Exercise instructions:
Skip the pictures, please, and write out exactly every line from the one containing "Първомайските полицаи отдадоха" through the end of the listing below.

(Provided material Opens)

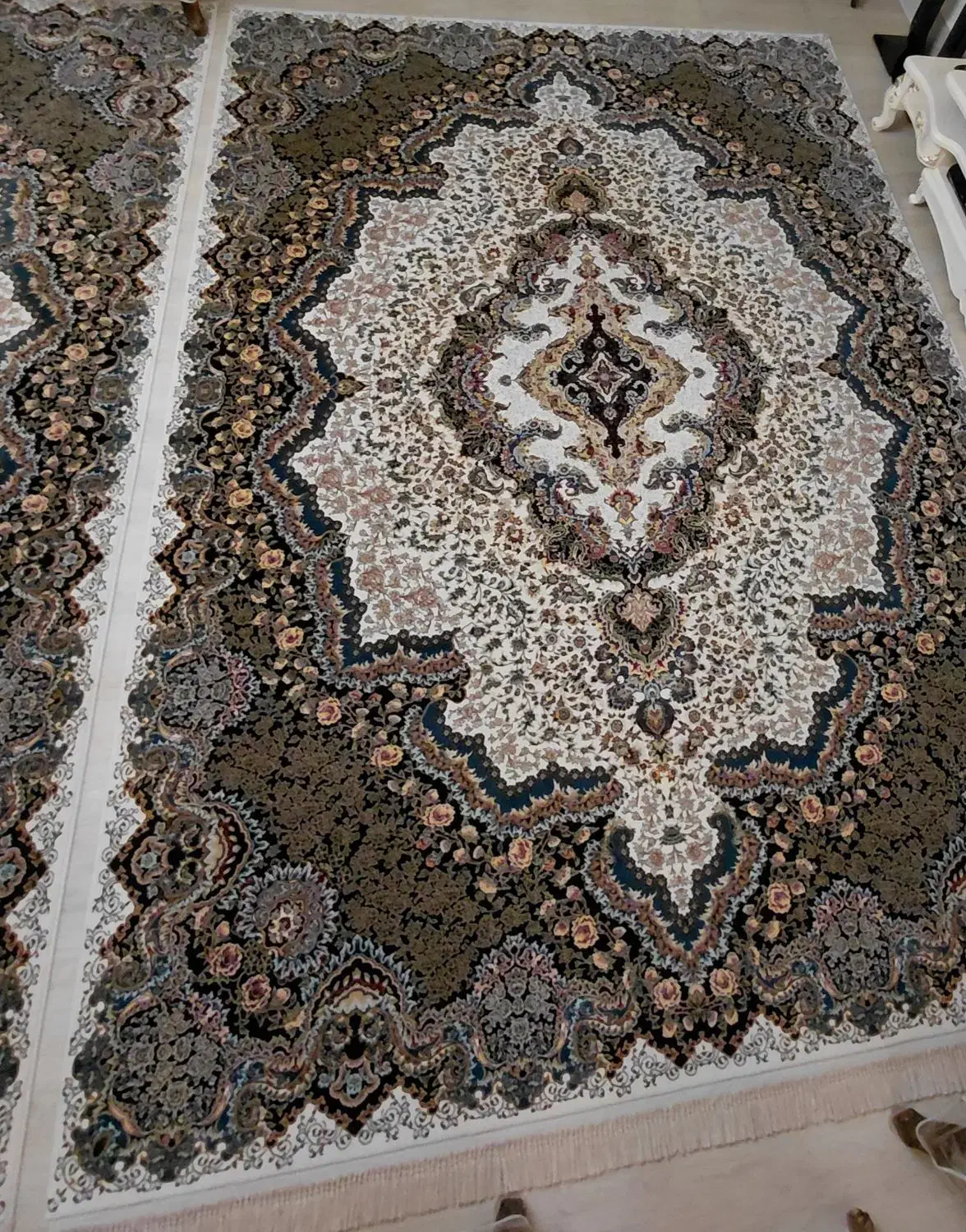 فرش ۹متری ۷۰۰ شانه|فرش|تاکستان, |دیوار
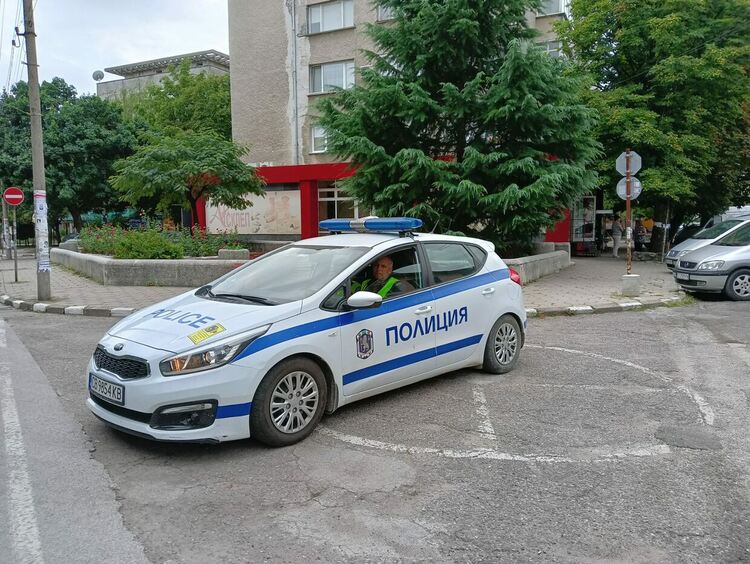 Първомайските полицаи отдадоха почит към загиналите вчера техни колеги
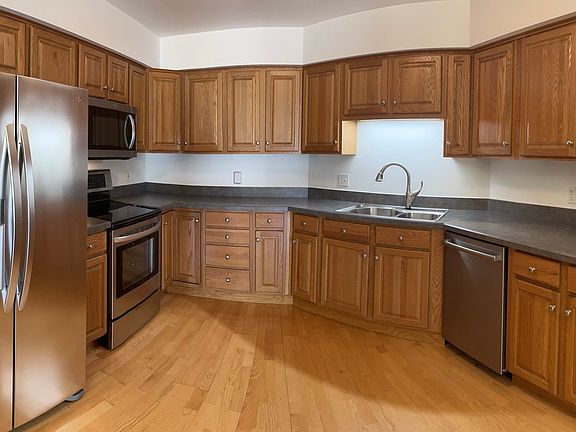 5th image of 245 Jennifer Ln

(Provided material Closes)

Exercise response:
 Първомайските полицаи отдадоха почит към загиналите вчера техни колеги
 5th image of 245 Jennifer Ln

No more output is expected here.